### Exercise instructions
Each line of the material must be reproduced exactly; pictures stay out.

### Dataset extract
***

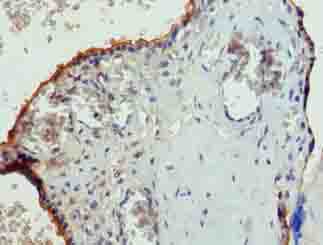Immunohistochemistry of paraffin-embedded human placenta tissue using PGS1 Polyclonal Antibody at dilution of 1:100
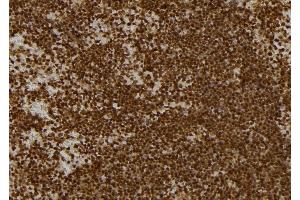 ABIN6262736 and ABIN6277134 at 1/100 staining Mouse spleen tissue by IHC-P. (KBTBD3 抗体  (C-Term))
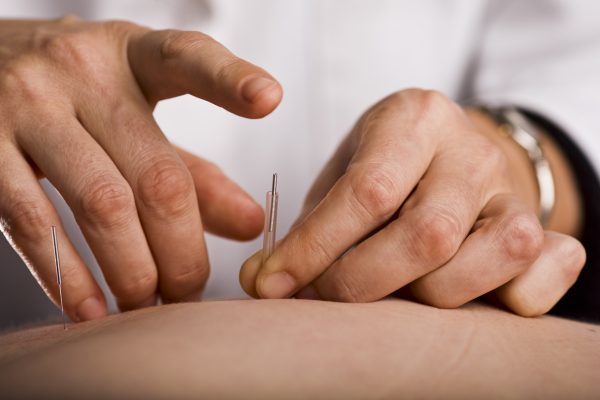 Acupuncturist prepares to tap needle into patients hand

***

### Response to the task
Immunohistochemistry of paraffin-embedded human placenta tissue using PGS1 Polyclonal Antibody at dilution of 1:100
 ABIN6262736 and ABIN6277134 at 1/100 staining Mouse spleen tissue by IHC-P. (KBTBD3 抗体  (C-Term))
 Acupuncturist prepares to tap needle into patients hand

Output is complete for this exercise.